The illustrative example is in two parts. In the first part, active substance is added to the bath by inserting a straight vertical cored carrier into the bath, in the manner of the above-identified copending application but without the inert spacers of the copending application. In the second part of the example, the present invention is practiced, with a spiral cored carrier, again without inert spacers.
Thus, for the first case, in which the carrier is straight and vertical, a hollow tubular steel tube having a wall thickness of 1 mm and a diameter of 8 mm with a welded seam is filled with calcium-silicon alloy consisting of 20% calcium and 80% silicon, in finely divided form. It is inserted into a bath of steel which is 300 mm deep and contains 15 tons of steel for plates, contained in a continuous casting tundish at a temperature of 1540° C. The carrier is moved downwardly at a constant rate of 4 m/min. and melts on the bottom of the tundish. At higher feed rates, marked erosion of the tundish refractory is noted at the point of contact; while, when the rate is increased still further, the carrier emerges intact from the bath. In that last case, by the use of a straight carrier it was not possible to add the required quantity of active substance to the bath to achieve the desired desulphurizing results on the one hand and to control oxide and sulphide inclusions on the other hand.
The second part of the example, which is the practice according to the present invention, uses the same carrier and the same bath, but passes the carrier through a guide tube T the end part of which has the shape and size of the spiral to be formed. Thus, circular turns of a diameter of 300 mm and a pitch of 100 mm are formed by machinery which includes a horizontal uncoiler (not shown) for feeding a substantially straight length of carrier from a coil thereof, a driven roller device (not shown) for advancing the carrier, and finally the guide tube T. The carrier is advanced at a linear feed rate of 12 m/min. 155 g. of alloy are introduced per ton of steel. This results in there being 25 ppm of calcium as oxide and sulphide inclusions, whose form does not impair the mechanical properties of the steel produced.

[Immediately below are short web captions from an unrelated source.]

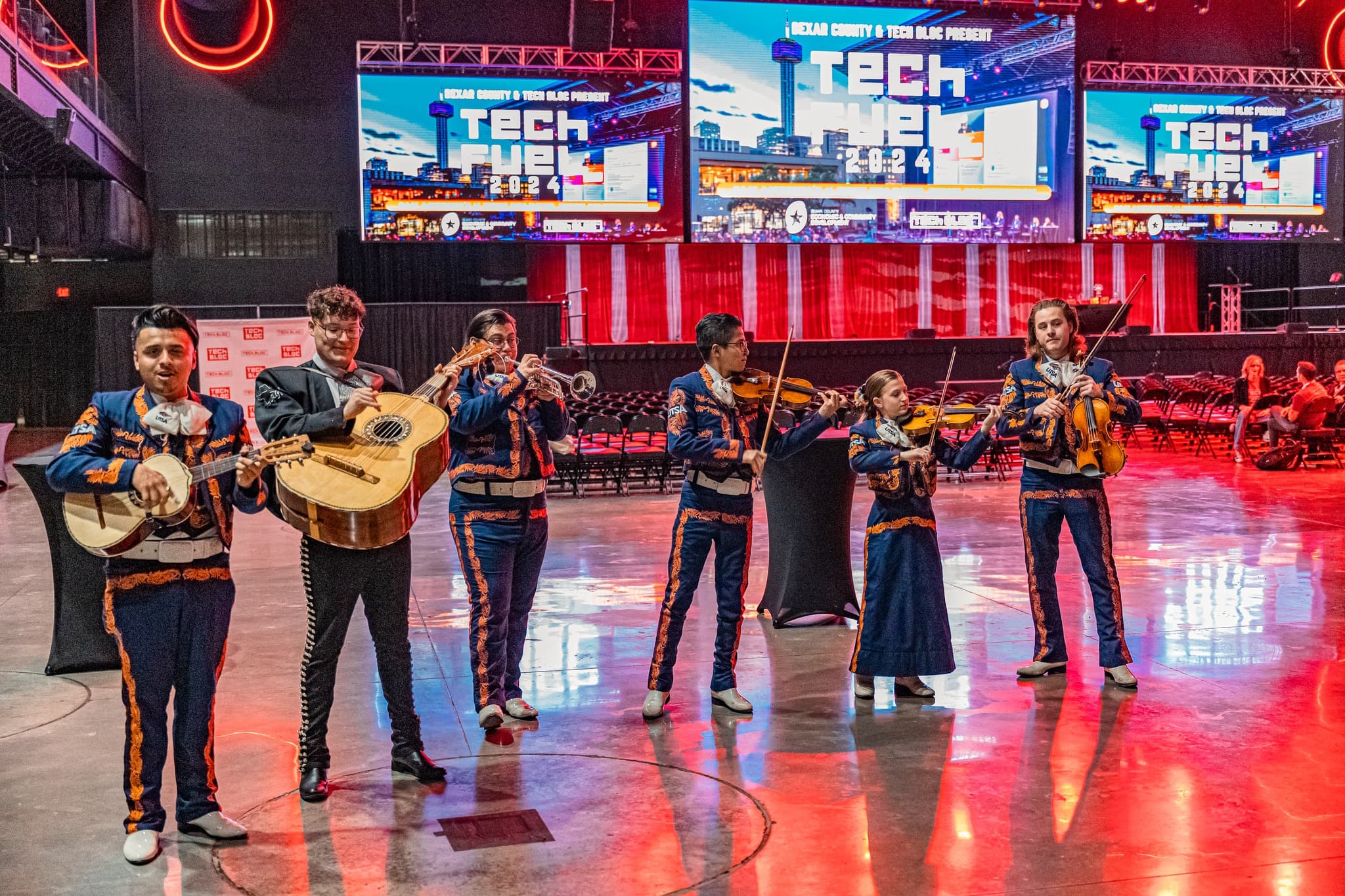 Tech Bloc anniversary memory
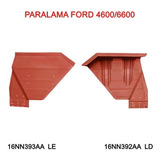 01 Paralama Trator Ford 4600/6600 - Ld E Le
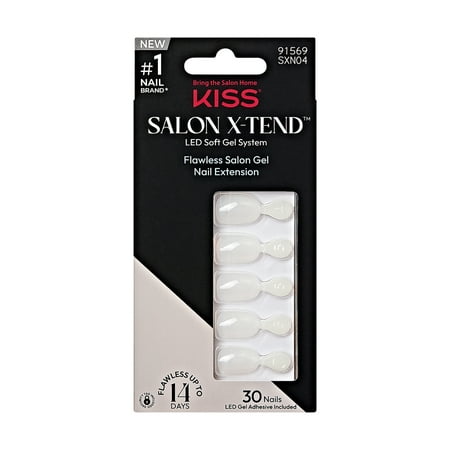 KISS SALON X-TEND NAIL EXTEN. SXN04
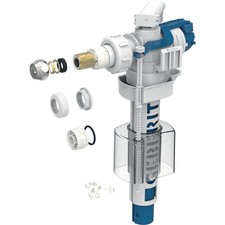 Geberit Type 380 AG 3/8" BSP Side Inlet Cistern Float Fill Valve - 244.510.00.1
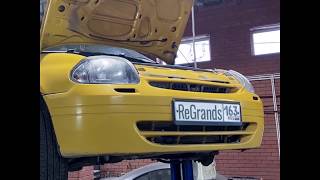 Рулевая рейка Renault Clio ▾ Ремонт в ReGrands, Самара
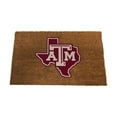 thumbnail image 1 of Logo Brands Texas A&M Aggies Doormat, 1 of 5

The same spiral, introduced by the same method but at a rate in the range of 0.2-0.4 m/sec., has permitted the introduction of 230 g. of active alloy per ton of steel. The formation of inclusions with a higher calcium content than in the previous case was observed.
From a consideration of the foregoing disclosure, it will be evident that the initially recited object of the invention has been achieved.
Although the present invention has been described and illustrated in connection with preferred embodiments, it is to be understood that modifications and variations may be resorted to without departing from the spirit of the invention, as those skilled in this art will readily understand. Such modifications and variations are considered to be within the purview and scope of the present invention as defined by the appended claims.